I don’t believe I am making a moralistic point. It isn’t about the idea of taking money from tourists–though this I object to also, for slightly different reasons. Nor is it even about the way tourists dress or behave—mostly they are respectful and dignified. The issue is that, here we are, at the height of the Age of Unreason, when it is becoming close to impossible for the human heart to breathe true air, and we permit–in fact, encourage–a disposition toward faith that, in almost every respect, tends to confirm the dominant mentality of the time.
For what does it suggest–to allow tourists to wander around our places of worship, without commitment of anything but curiosity and a little small change? To me, it suggests acquiescence to a public mentality that treats faith as a residue of a former innocence–fascinating, diverting, beautiful beyond belief, but ultimately belonging to a prior and condescended-to understanding of reality. To permit this is tacitly to concur with a characterization of the religious impulse as something like a museum piece–to be looked at, studied, admired, and recorded as part of the cultural bounty of a weekend away. It is to allow the Cross and the womb of Mary to be treated as fossils, upon which the world now gazes archeologically but without solemnity. But if this is not our perspective, why do we walk around our churches in the midst of such groups and only afterwards realize that not one among us has fallen to our knees? Either Christians are serious about recognizing the crisis of reason that confronts the world, or they simply regard it as a diverting talking-point. If it is real–and I am certain it is–then we must follow the logic of this understanding through to its conclusion.
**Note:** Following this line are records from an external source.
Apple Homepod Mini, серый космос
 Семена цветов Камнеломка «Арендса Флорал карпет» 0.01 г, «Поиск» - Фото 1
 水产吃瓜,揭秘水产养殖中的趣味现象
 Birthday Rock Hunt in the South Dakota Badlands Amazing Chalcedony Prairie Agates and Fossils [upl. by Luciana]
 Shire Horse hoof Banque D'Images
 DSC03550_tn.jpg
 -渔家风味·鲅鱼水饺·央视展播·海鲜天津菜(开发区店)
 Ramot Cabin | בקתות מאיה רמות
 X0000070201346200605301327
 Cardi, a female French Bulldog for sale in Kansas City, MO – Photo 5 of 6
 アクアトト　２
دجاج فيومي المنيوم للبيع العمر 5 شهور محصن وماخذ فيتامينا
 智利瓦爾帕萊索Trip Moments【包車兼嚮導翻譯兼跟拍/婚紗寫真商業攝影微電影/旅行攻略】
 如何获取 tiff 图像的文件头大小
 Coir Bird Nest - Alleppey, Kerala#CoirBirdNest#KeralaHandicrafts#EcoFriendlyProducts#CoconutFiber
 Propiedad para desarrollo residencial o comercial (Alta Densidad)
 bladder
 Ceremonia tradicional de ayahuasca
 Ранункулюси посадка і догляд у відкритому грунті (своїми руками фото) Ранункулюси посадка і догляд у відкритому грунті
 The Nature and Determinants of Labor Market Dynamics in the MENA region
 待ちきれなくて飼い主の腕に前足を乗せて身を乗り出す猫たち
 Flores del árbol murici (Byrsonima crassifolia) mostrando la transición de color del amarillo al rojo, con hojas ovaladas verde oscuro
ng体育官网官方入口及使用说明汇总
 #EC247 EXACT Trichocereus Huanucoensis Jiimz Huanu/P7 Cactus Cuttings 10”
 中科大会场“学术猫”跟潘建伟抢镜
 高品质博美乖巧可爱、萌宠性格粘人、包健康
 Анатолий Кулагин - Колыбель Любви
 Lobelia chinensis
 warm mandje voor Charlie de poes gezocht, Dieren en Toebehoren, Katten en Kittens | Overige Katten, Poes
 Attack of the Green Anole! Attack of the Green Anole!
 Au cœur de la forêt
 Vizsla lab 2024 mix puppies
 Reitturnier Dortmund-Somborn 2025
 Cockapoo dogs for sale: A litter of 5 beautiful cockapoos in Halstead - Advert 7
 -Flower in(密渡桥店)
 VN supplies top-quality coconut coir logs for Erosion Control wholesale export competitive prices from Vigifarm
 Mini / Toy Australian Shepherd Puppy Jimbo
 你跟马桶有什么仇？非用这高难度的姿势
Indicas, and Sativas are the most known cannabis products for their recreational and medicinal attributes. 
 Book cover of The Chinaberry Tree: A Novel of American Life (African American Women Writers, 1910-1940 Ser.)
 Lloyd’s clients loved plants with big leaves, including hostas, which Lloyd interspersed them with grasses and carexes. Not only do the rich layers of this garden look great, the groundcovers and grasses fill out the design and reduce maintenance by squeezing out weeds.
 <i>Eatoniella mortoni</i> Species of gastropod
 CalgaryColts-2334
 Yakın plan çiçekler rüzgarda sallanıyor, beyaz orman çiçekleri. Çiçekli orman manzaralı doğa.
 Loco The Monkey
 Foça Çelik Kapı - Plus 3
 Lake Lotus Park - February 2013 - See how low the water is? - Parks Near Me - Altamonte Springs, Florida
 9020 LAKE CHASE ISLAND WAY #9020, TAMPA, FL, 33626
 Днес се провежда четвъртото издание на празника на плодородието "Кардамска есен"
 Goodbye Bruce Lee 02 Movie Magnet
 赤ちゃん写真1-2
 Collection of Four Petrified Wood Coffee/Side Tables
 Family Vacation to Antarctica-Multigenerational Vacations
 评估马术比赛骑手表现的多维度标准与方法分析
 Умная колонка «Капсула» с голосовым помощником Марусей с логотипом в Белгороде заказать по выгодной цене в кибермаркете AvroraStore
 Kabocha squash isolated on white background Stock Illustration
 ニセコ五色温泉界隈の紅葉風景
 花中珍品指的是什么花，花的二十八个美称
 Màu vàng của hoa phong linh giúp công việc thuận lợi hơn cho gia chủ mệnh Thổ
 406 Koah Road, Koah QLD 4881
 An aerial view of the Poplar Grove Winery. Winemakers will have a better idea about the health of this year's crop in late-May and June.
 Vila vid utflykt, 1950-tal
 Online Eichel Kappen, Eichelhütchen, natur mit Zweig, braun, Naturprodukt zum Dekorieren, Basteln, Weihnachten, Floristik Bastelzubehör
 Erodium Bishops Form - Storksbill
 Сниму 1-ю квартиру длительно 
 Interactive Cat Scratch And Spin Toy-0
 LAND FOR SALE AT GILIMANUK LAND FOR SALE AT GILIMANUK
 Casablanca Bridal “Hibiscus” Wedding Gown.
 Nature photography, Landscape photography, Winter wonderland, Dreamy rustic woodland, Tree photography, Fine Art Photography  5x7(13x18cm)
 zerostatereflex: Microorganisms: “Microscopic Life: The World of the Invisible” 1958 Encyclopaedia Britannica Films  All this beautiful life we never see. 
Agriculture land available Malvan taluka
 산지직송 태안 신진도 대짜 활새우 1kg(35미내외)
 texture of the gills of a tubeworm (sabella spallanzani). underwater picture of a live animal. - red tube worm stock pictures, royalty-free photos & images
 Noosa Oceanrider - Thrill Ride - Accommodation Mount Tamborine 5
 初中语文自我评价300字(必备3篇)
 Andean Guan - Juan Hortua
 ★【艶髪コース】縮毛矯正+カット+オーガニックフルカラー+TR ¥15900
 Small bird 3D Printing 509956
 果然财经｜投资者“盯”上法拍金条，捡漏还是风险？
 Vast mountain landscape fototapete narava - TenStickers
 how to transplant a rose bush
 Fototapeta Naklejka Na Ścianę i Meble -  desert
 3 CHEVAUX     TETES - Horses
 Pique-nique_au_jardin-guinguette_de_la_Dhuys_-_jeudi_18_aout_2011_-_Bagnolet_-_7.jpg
I have heard some of the arguments for continuing this religious tourism. One is that it at least encourages people to visit churches and cathedrals, where they in turn might hope to be visited by an epiphany of some kind. I don’t doubt that this sometimes occurs. But I also believe that, far more often, the effect of the teeming crowds who  invade our former places of devotion is to consolidate in the unconscious of many believers the idea that our culture no longer gives a moment’s serious thought to the possibility that the Christian proposal might continue to be true.